Björk Utopia One Little Indian

23.11.17

In an age of pervasive pessimism, ‘Utopia’ is a punchline. Human instinct is inexorably drawn towards the cynical, and idealism has become a byword for naivety. But the potential for personal Utopia exists within us all.

On her ninth full-length, Björk presents her own vision of Utopia. This album will likely be viewed as a sister-piece to 2015’s Vulnicura: a photorealistic portrait of the wake of heartbreak. The dawn after the darkness, Utopia is a document of existential rediscovery.

For this LP, Björk formed, arranged and conducted a 12-piece orchestra of female Icelandic flute players. A far cry from Vulnicura’s string-drenched soundscapes, here field recordings and playful woodwind compositions give the album a celestial lightness. These elements are frequently undercut by brutalist industrial structures and glossy, synthetic textures, which hint at the reunion with collaborator Arca. In the conflation of these two extremes – the bucolic innocence of flute with Arca’s slash of electronic interference – you find the soundtrack to Utopia.

Opener Arisen my senses is the synaesthetic overload of tearing open the curtains to a jubilant morning, and a grandiose introduction. A celebration of human connection becomes increasingly clear on the touch-tight Blissing me and, later, the almost giddy Features Creatures. During these tracks, the simplicity of new love at its purest is addressed with childlike wonder; the naivety of succumbing to perfection. The Gate traces a direct line from the last album to this: “My healed chest wound” (shown gaping on Vulnicura’s cover) “transformed into a gate. Where I receive love from, where I give love from.”

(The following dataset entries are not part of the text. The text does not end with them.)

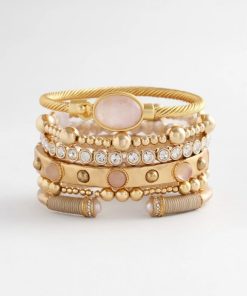 Heathergoods.shopd3b3b86274 2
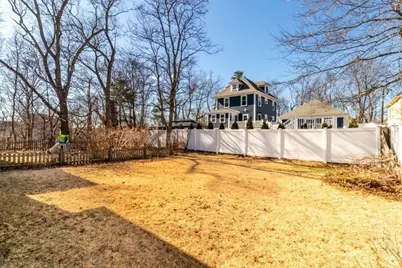 37 Cotuit St, Boston, MA 02132 - Photo 23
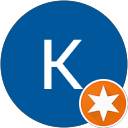 Karen H profile picture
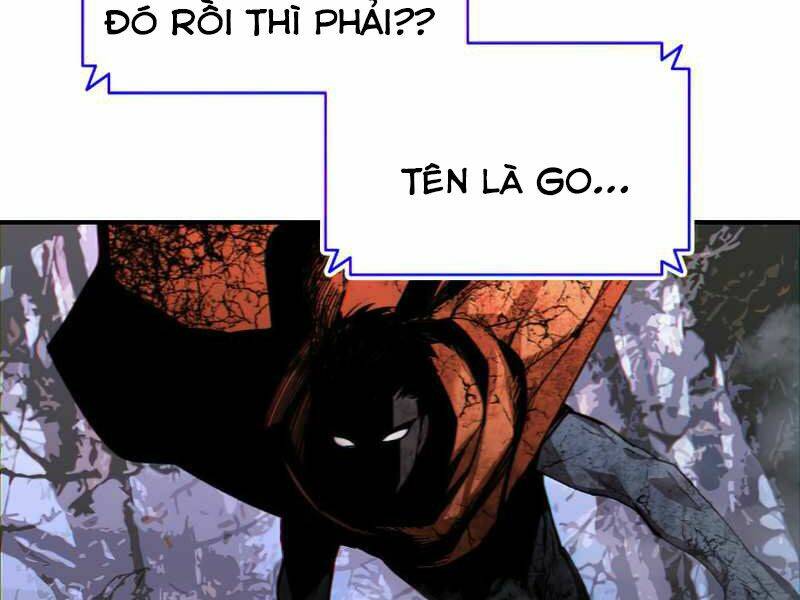 Tôi Là Lính Mới Chapter 76 - Trang 2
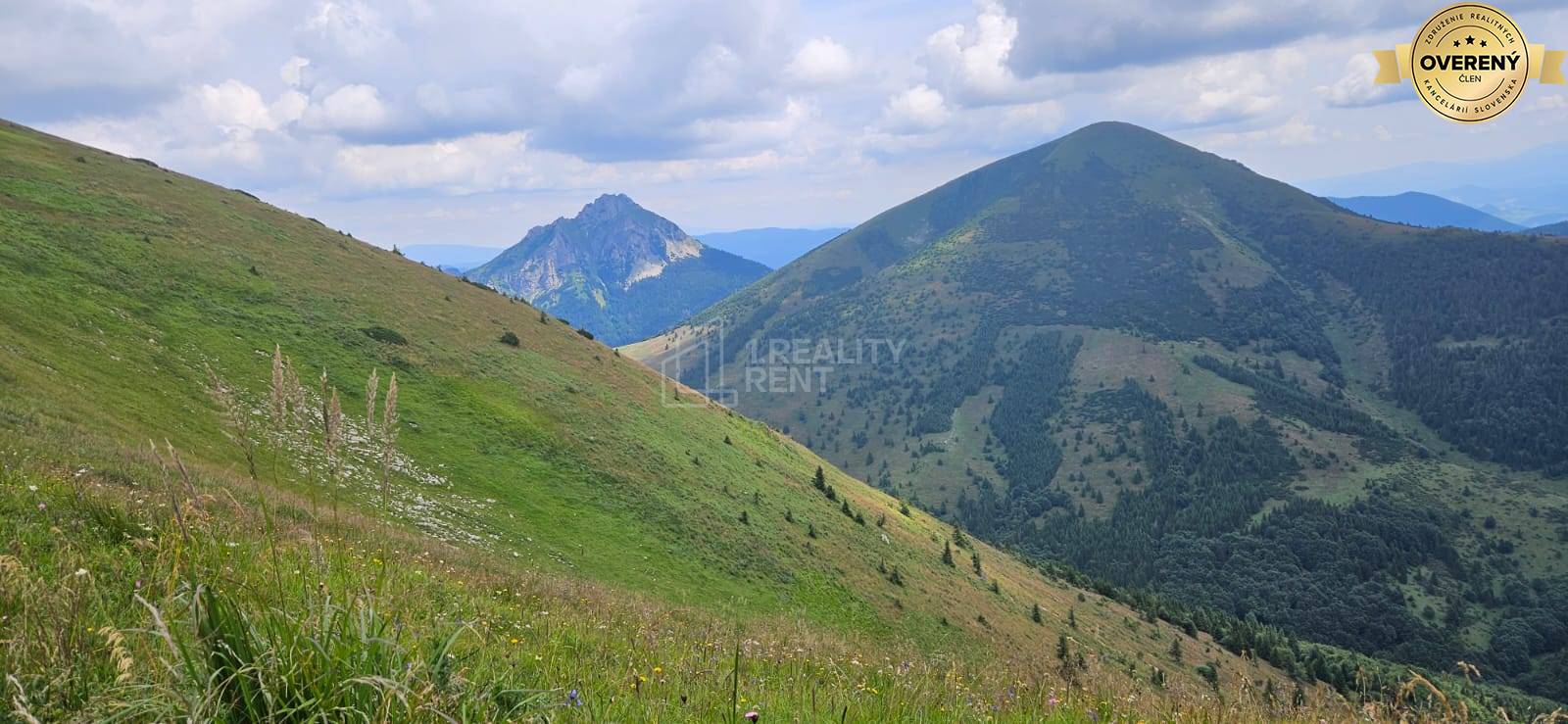 Sale Holiday apartment, Holiday apartment, Vrátna, Žilina, Slovakia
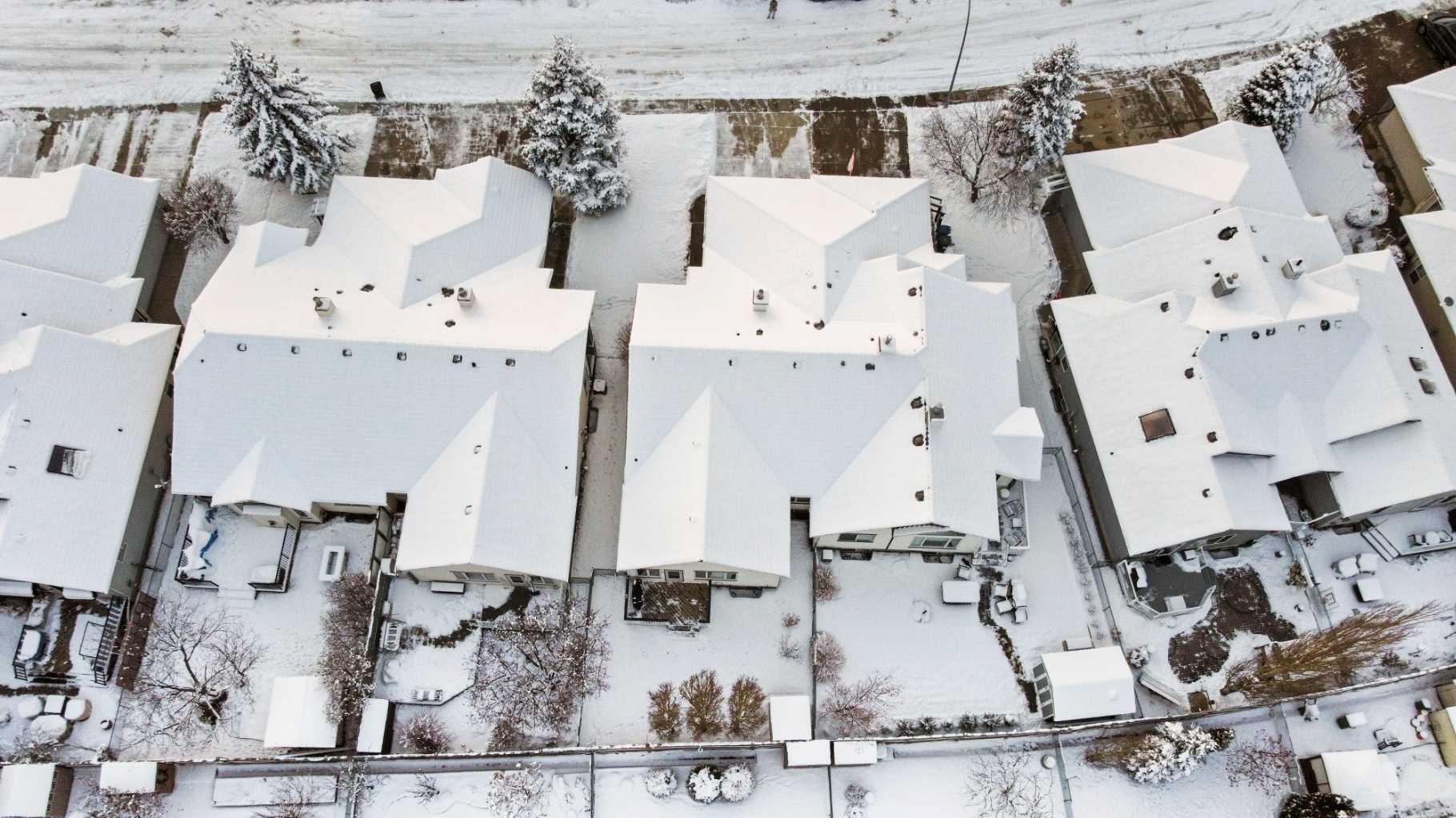 MLS #A2272601 image #44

But Utopia is far from a breezy, convivial counterpoint to Vulnicura’s stark introspection. Pulsating, 10-minute centrepiece Body Memory tramples flutes underfoot in favour of jarring cello arrangements, which in turn wrestle with barking samples and gothic choral swoops. It’s an acknowledgement of primal physicality (“my limbs and tongue take over like the ancestors before”). Its dense severity is almost – as Björk declares at one point – “Kafka-esque”. Loss, a collaboration with Tri Angle Records alumnus Rabit, degenerates into remorseless noise-techno. As neat as it might be to label Utopia perfect, it isn’t. It lacks Vulnicura’s sense of narrative, and the sound palette, for all its vitality, renders some passages amorphous, the flutes nearly losing their lightness. At points, Björk’s voice struggles to emerge. And with a running time near 70 minutes and little care given for formalities of structure, this ranks among her most esoteric creations.

In essence, though, Utopia is another triumph. As a spectral choir of Björks breathily combine on miraculous final track Future Forever, ruminating on herself as lover and mother, it leaves an elegiac yet buoyant echo; lamenting a past self and celebrating the new with a potent message of hope over fear. Perhaps a belief in perfection is naivety, and the search for Utopia is a fool’s errand. But to give up that search is to give up too much.